Census collectors leaving the Tasmanian office on 28 July 2006 to start the delivery phase of the 2006 Census of Population and Housing
A range of different approaches were used to reach different population groups, including ethnic communities, truck drivers on the road on census night, ‘grey nomads’ holidaying in northern Australia, and the homeless.
‘Information collected from the census helps charities and community organisations as well as government and business to identify the people and the places in Australia most in need of resources and support. Every five years the census gives us a snapshot of our country that helps us to evaluate our recent efforts in making Australia a fairer and better place.’
Father Chris Riley, Youth off the Streets
People living in Indigenous communities were counted using a specially designed census form suitable for use by interviewers.

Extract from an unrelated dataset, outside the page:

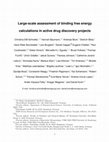 Research paper thumbnail of Large-Scale Assessment of Binding Free Energy Calculations in Active Drug Discovery Projects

Because of the large distances that had to be covered, and the need to adapt to local cultural and other events, enumeration in these communities commenced, in some cases, before census night and continued throughout August.
Some of the newest Australians who just made the count in the 2006 Census of Population and Housing
A special simplified form was also used to enumerate people sleeping outside, and in some areas, homeless people themselves were engaged as collectors to undertake the count. Extensive promotion of the census was also undertaken in various ethnic communities, and interpreter services were provided. One of the advantages of the eCensus was that many disabled people could, for the first time, complete the census form themselves. In addition, a range of census information was provided in braille and audio form.
The 2006 Census form was the longest census form since the 1976 Census, with sixty questions asked of each household compared to fifty in 2001. In 2006, several additional sets of questions were asked. These included questions on the need for assistance (a measure of disability), and on voluntary and unpaid work. A question on access to the internet was also asked of each household, and replaced the question on the use of the internet asked of each person in the 2001 Census. In addition, the 2006 Census sought information from females aged over fifteen years about the number of children ever born to them. This question is important for fertility analysis and for estimating the future population. It has been asked in every second census.
‘For the first time ever in an Australian Census, questions are asked about unpaid caring work for people with disabilities, mental illness or who are frail-aged. Unpaid caring work is so vital to our community that it is important we know exactly how many carers are out there. That way, better services and supports can be planned.’
Census processing was undertaken at a centralised site in Melbourne by a staff that peaked at around 900. Processing involved the electronic scanning of the forms, data repair, and automatic coding of responses. Images of the responses that could not be automatically coded were examined by clerical staff to determine the appropriate code, which was then added to the electronic computer file. Quality assurance checks were undertaken, of both the automated and manual processes.
As for the 2001 Census, for those people who agreed to have their name identified, their census information was retained by the National Archives of Australia, and the images of the census forms were transferred to microfilm for release after ninety-nine years. In August 2105 this information will be publicly released and will be available to historians and genealogists for study. It will also be available to the descendants of those agreeing to have information retained in the Census Time Capsule. It will provide a valuable insight into how Australians lived at the beginning of the twenty-first century.
The first release of data on 27 June 2007 included a large amount of information about Australia, with much more to come over the next twelve months. The data in this release reveals important changes occurring in Australian society, including: further ageing of the population; increasing cultural diversity, with English slightly less likely to be the language spoken at home; families more likely to be buying their own homes; and a decline in the number of family households, with more people living alone.
‘Accurate information about the cultural background of Australians and the range of languages that we speak is essential. Planning and funding for services that can properly meet the needs of all Australians cannot happen without it.’
Federation of Ethnic Communities Council of Australia
Data from the 2006 Census will be largely disseminated in electronic format through the internet. The ABS census dissemination system has been completely redesigned for the 2006 Census and now incorporates a wide range of searching and mapping facilities. These facilities were progressively made available to the public, with 2001 Census data being made available in advance of the release of the 2006 Census data.